RFR: 8332522: SwitchBootstraps::mappedEnumLookup constructs unused array

Jan Lahoda jlahoda at openjdk.org
Wed Jun 26 13:05:11 UTC 2024


On Wed, 26 Jun 2024 12:46:18 GMT, Claes Redestad <redestad at openjdk.org> wrote:

>> For general pattern matching switches, the `SwitchBootstraps` class currently generates a cascade of `if`-like statements, computing the correct target case index for the given input.
>> 
>> There is one special case which permits a relatively easy faster handling, and that is when all the case labels case enum constants (but the switch is still a "pattern matching" switch, as tranditional enum switches do not go through `SwitchBootstraps`). Like:
>> 
>> 
>> enum E {A, B, C}
>> E e = ...;
>> switch (e) {
>>      case null -> {}
>>      case A a -> {}
>>      case C c -> {}
>>      case B b -> {}
>> }
>> 
>> 
>> We can create an array mapping the runtime ordinal to the appropriate case number, which is somewhat similar to what javac is doing for ordinary switches over enums.
>> 
>> The `SwitchBootstraps` class was trying to do so, when the restart index is zero, but failed to do so properly, so that code is not used (and does not actually work properly).
>> 
>> This patch is trying to fix that - when all the case labels are enum constants, an array mapping the runtime enum ordinals to the case number will be created (lazily), for restart index == 0. And this map will then be used to quickly produce results for the given input. E.g. for the case above, the mapping will be `{0 -> 0, 1 -> 2, 2 -> 1}` (meaning `{A -> 0, B -> 2, C -> 1}`).
>> 
>> When the restart index is != 0 (i.e. when there's a guard in the switch, and the guard returned `false`), the if cascade will be generated lazily and used, as in the general case. If it would turn out there are significant enum-only switches with guards/restart index != 0, we could improve there as well, by generating separate mappings for every (used) restart index.
>> 
>> I believe the current tests cover the code functionally sufficiently - see `SwitchBootstrapsTest.testEnums`. It is only that the tests do not (and regression tests cannot easily, I think) differentiate whether the special-case or generic implementation is used.
>> 
>> I've added a new microbenchmark attempting to demonstrate the difference. There are two benchmarks, both having only enum constants as case labels. One, `enumSwitchTraditional` is an "old" switch, desugared fully by javac, the other, `enumSwitchWithBootstrap` is an equivalent switch that uses the `SwitchBootstraps`. Before this patch, I was getting values like:
>> 
>> Benchmark                           Mode  Cnt   Score   Error  Units
>> SwitchEnum.enumSwitchTraditional    avgt   15  11.719 ± 0.333  ns/op
>> Swi...
>
> test/micro/org/openjdk/bench/java/lang/runtime/SwitchEnum.java line 57:
> 
>> 55:         for (E e : inputs) {
>> 56:             sum += switch (e) {
>> 57:                 case null -> -1;
> 
> As this `null` case adds a case relative to the `-Traditional` test then maybe removing one of the `E0, E1, ...` cases would make the test a little bit more apples-to-apples?

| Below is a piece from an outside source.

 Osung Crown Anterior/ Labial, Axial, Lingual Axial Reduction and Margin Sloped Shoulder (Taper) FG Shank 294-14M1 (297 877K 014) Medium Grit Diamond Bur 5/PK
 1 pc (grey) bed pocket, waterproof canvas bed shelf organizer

Using `case null -> ` will push javac to use the new code, but all switches do some kind of null check for the selector value. The difference is that if there's no `case null`, there will be `Objects.requireNonNull` generated for the selector value (which will throw an NPE if the value is `null`), while here it will jump to the given case.

So, `case null` does not have the same weight as a normal case, so I don't think it would be fair to remove a full case to compensate for it.